News on diasporas today often centers on counting streams of Syrian refugees and, while accurate in the most factual sense, this kind of crisis-focused coverage often leaves unexplored the everyday lives of most immigrants. “Asmarina,” a documentary by Alan Maglio and Medhin Paolos, explores this theme. The film, which was shown at the Center for Government and International Studies on Sept. 26 and was followed by a conversation with Paolos, represents a departure from the doom and gloom genre, instead delving into issues of mobility, diaspora, and xenophobia as they affect the daily lives of the film’s subjects.
The documentary is named after its invisible main character: Asmara, the Eritrean capital, hovers behind the film. Often personified as a woman in the memories of the subjects, the city’s simultaneous absence and presence imbues the film with a sense of unconsummated longing. In one scene, a woman calls her husband to play the song “Asmarina” for her, a musical signature of the Eritrean diaspora community. “I remember that!” the man says. “It’s from the ’30s!” Paolos mentioned after the screening that the song was actually from the ’50s, but she left the footage unchanged, trying to preserve the subjectivity of people’s memories. Throughout the film, songs, stories, and family albums are motifs through which the past is explored. Prosperous Eritrean families pose together, their smiles unmodified by the passage of years. Meanwhile, their descendants negotiate their Eritrean identity in Italy. Women make coffee in the traditional way, and men dance to music in the park as passersby look on. In one scene, a biracial Eritrean-Italian man describes his first night with a white woman.

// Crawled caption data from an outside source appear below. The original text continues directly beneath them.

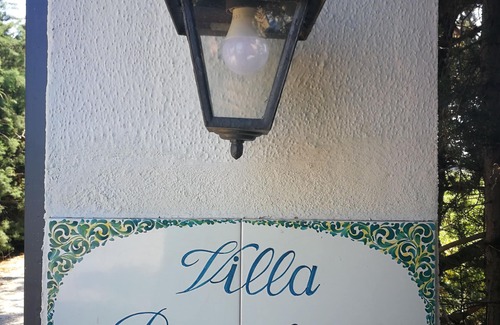 Metaponto Villa | Villa Ramolina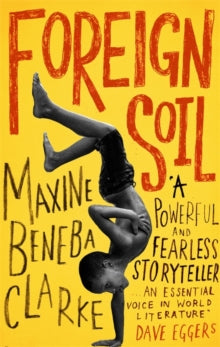Foreign Soil by Maxine Beneba Clarke - Afrori Books LTD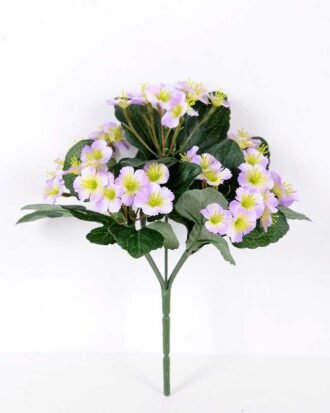 12*20CM Mini flower *5 GS-1680224-Z1 Flowers Bush YeahFlower is one of Chinese leading OEM manufacturers and exporters , supplying the silk flowers, wholesale artificial trees 12*20CM Mini flower *5 GS-1680224-Z1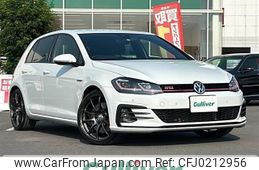 volkswagen golf 2019 -VOLKSWAGEN--VW Golf ABA-AUDLB--WVWZZZAUZKW158761---VOLKSWAGEN--VW Golf ABA-AUDLB--WVWZZZAUZKW158761-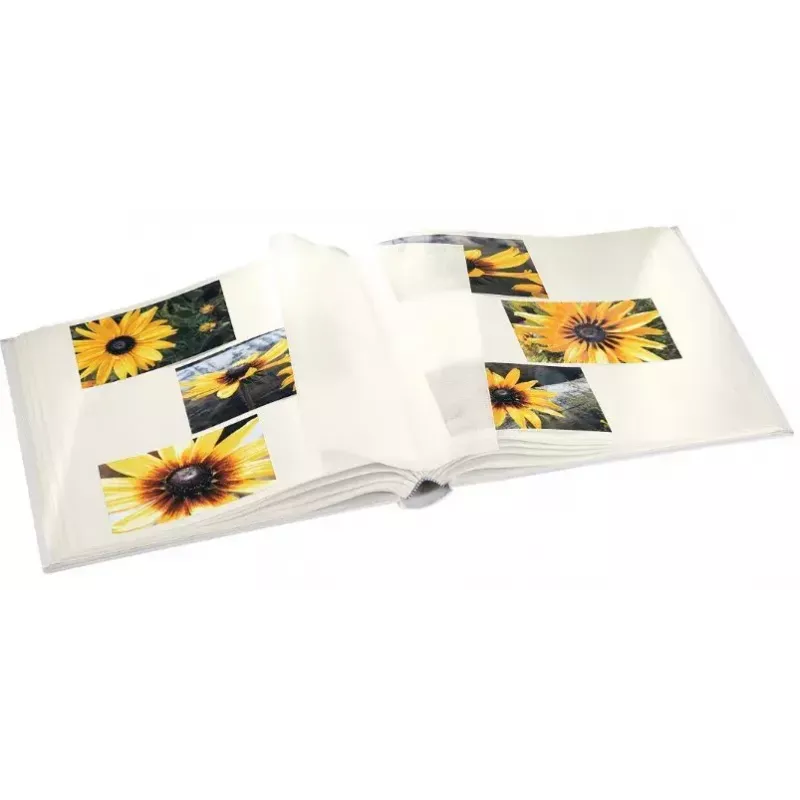 Hama Rustico Love Key album fotografico 00002541, 30x30, 100 pagine bianche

While the director portrays these everyday moments, she is also quick to dig into the colonial history that created them. “The first apartheid was not in South Africa, but in Eritrea,” Paolos said. During the 19th century, Italy established the colony of Italian Eritrea in Ethiopia and assembled a diverse group of peoples under colonial rule. In an attempt to control the native population, the Italian government introduced segregated neighborhoods and strict curfew laws in the region, which would later break off from Ethiopia. The political unrest that resulted many years later caused hundred of Eritreans and Ethiopians to flee their country—and end up in Italy.
“[The Italians] are saying they don’t want us, but they are the reason [we] came here, and they need to accept the consequences of their actions,” Paolos said.